On Wed, Feb 26, 2025 at 01:24:22PM +0100, Daniel Sahlberg wrote:
> Looking at the code, I'm assuming that if SVN_UNALIGNED_ACCESS_IS_OK was
> set to 0 (so the char by char loop after #endif is used instead), the code
> would run just fine. Can you confirm that?
> 
> SVN_UNALIGNED_ACCESS_IS_OK is defined as follows - we'd probably have to
> change that for GCC15.

Unaligned access is undefined behaviour (UB). Compilers are now taking
more liberties with undefined behaviour than they used to. So we need
to be very careful in our assumptions about UB.

Our code which is guarded by SVN_UNALIGNED_ACCESS_IS_OK might become
unsafe when built with newer compilers on any platform. This code's
behaviour is no longer under our control, but the compiler's s control.
svn_eol__find_eol_start() might crash, become a no-op, or have unknown
side-effects resulting in annoyances or even CVEs.

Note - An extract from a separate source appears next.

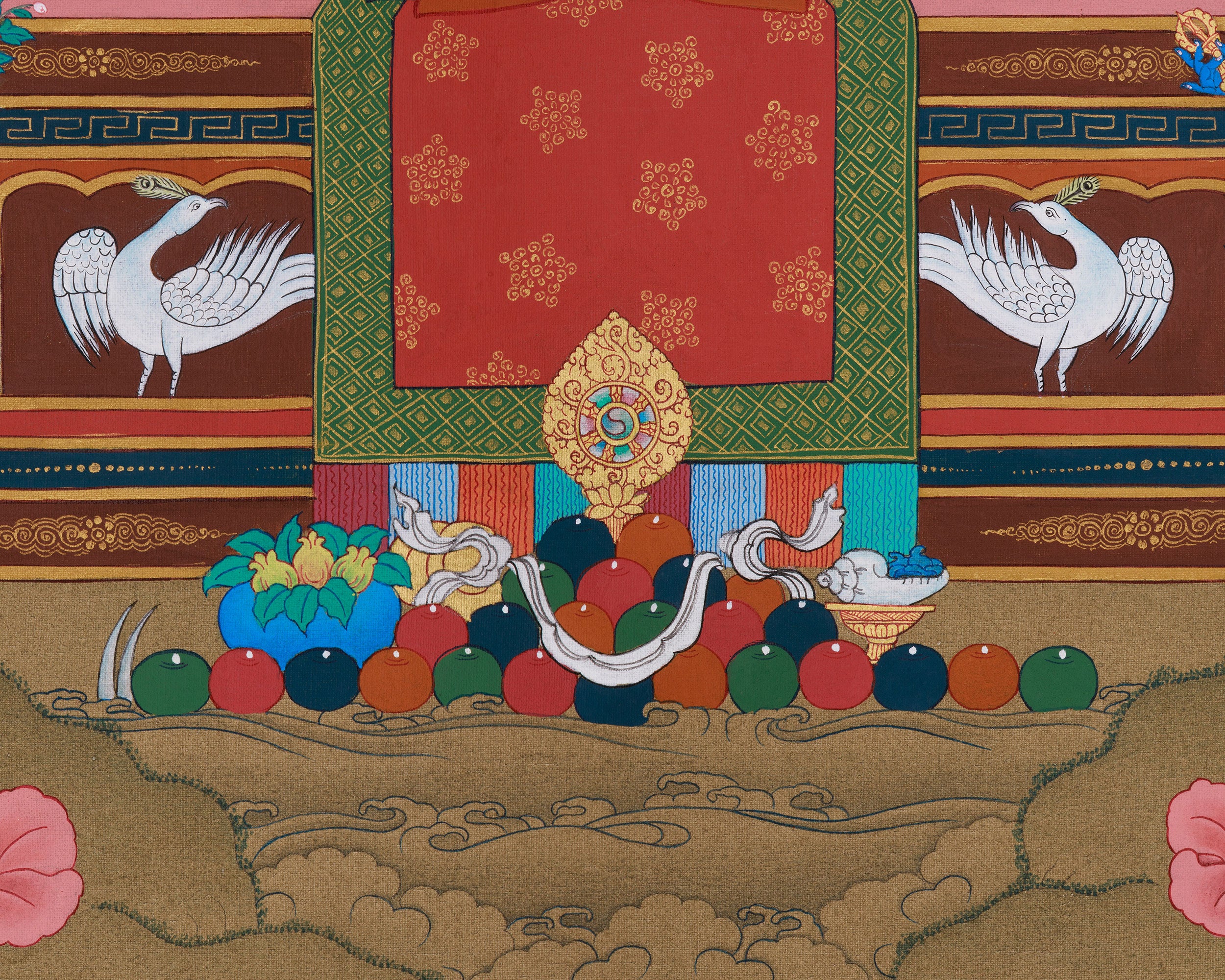 Authentic Karma Gadri Thangka: Amitabha Buddha with Chenrezig and Vajrapani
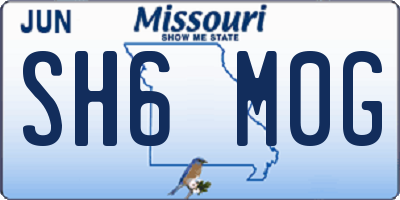 MO license plate SH6M0G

At the very least, we should have this macro off by default and require
it to be enabled manually. For best safety, the code should be removed.
I understand that removing this code will incur a performance cost.
The code was backed up by elaborate performance testing when it was
written years ago.

But what modern compilers make of UB will likely keep changing for the
worse (or better, depending on which side of the UB-fence you are on),
violating assumptions about platform behaviour in the macro definition:

> #ifndef SVN_UNALIGNED_ACCESS_IS_OK
> # if defined(_M_IX86) || defined(i386) \
>      || defined(_M_X64) || defined(__x86_64) \
>      || defined(__powerpc__) || defined(__ppc__)
> #  define SVN_UNALIGNED_ACCESS_IS_OK 1
> # else
> #  define SVN_UNALIGNED_ACCESS_IS_OK 0
> # endif
> #endif

I have seen contrived programs being translated into nothing on x86 when
built with a relatively recent version of clang (16) at optimization levels
of -O2 and up. For example, the following program will literally have its
entire main() function elided:

[[[
#include <float.h>
int main(void) {
  double v = DBL_MAX;
  int v2 = v;
  if (v2 != v) return 0;
  return 1;
}
]]]
(courtesy of https://bsd.network/@kristapsdz/113870782376321887)

On OpenBSD/amd64, with clang -O2 this program compiles to 3 instructions,
an empty function. The resulting executable just crashes when run.
[[[
(gdb) disassemble main
   0x0000000000001950 <+0>:     endbr64
   0x0000000000001954 <+4>:     push   %rbp
   0x0000000000001955 <+5>:     mov    %rsp,%rbp
]]]

At -01 there are 4 lines (still crashes). Without optimization (-O0)
there are 38 lines of assembly instead of 3, and the program exits
with status 0.

Granted, what I have seen are contrived cases. But they resulted
from someone looking into problems while doing development in C.
As a C developer, this scares me enough to avoid UB at all costs
because I cannot trust the compiler to warn about my mistakes
which introduce UB. Rather, the compiler might decide to elide
the code and change the intended meaning of the program.